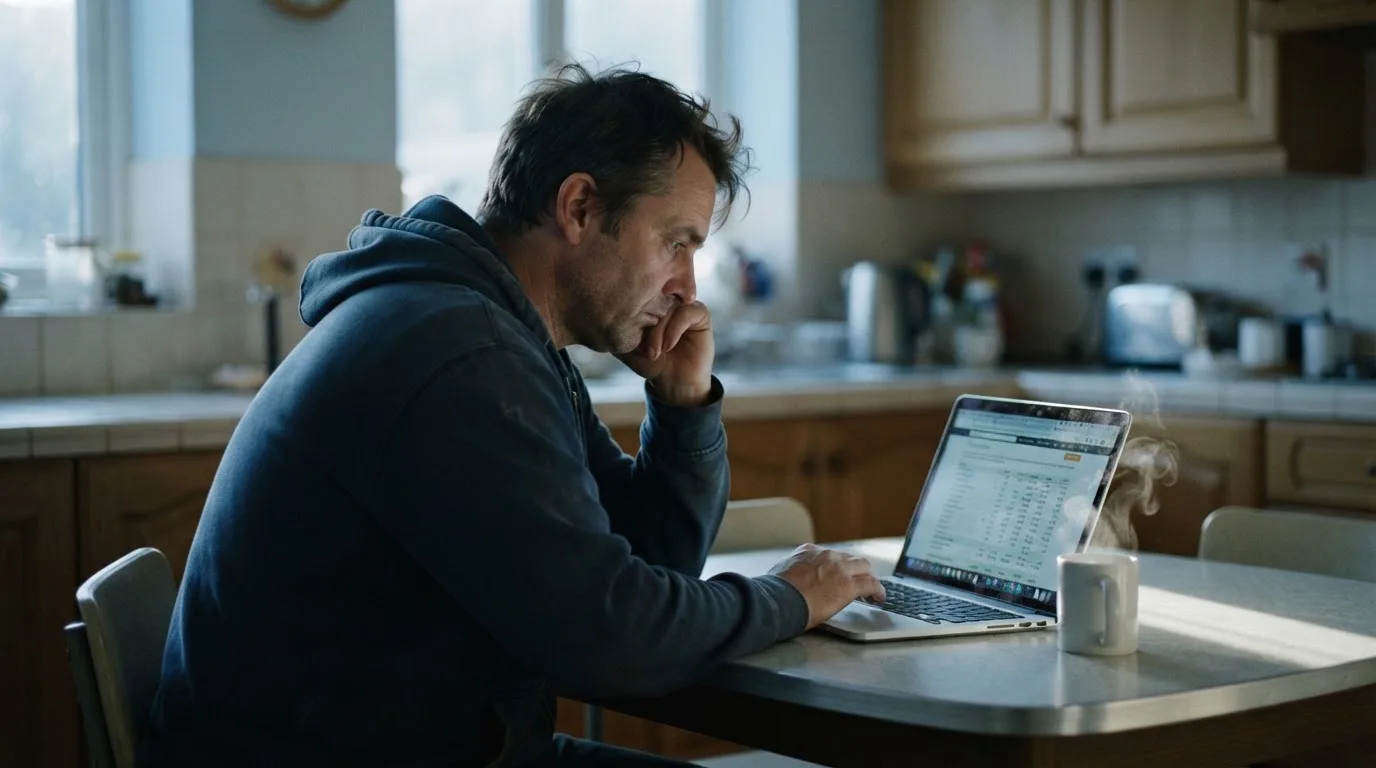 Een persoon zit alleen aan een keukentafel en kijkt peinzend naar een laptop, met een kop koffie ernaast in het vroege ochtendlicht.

__________________________________________________

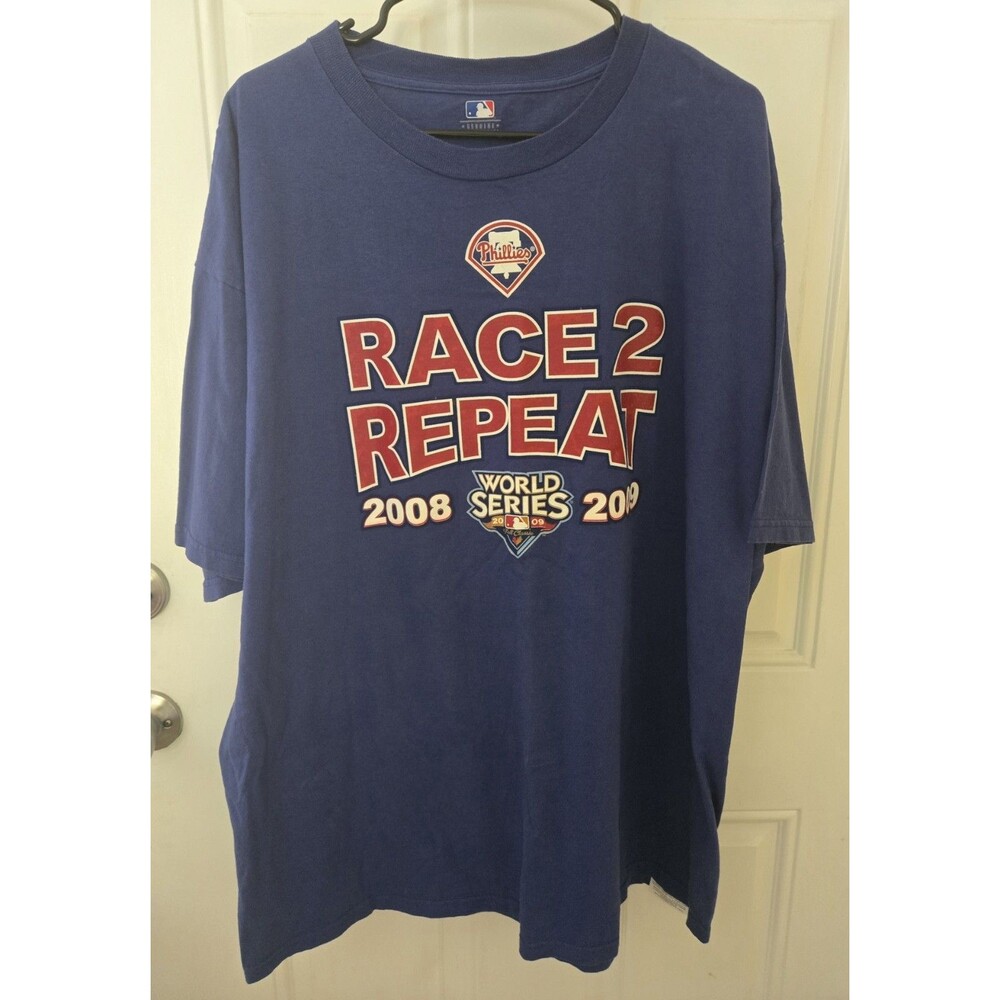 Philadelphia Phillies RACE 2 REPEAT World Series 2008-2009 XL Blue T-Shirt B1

__________________________________________________

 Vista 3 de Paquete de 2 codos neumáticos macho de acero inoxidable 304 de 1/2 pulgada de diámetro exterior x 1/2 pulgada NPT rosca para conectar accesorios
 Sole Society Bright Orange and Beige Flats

__________________________________________________

• [Work instruction]
The range runs from the line above containing "Vista 3 de Paquete" to the line containing "Sole Society Bright Orange and Beige Flats", inclusive. Restate those lines word for word and no others.

• [Exercise solution]
 Vista 3 de Paquete de 2 codos neumáticos macho de acero inoxidable 304 de 1/2 pulgada de diámetro exterior x 1/2 pulgada NPT rosca para conectar accesorios
 Sole Society Bright Orange and Beige Flats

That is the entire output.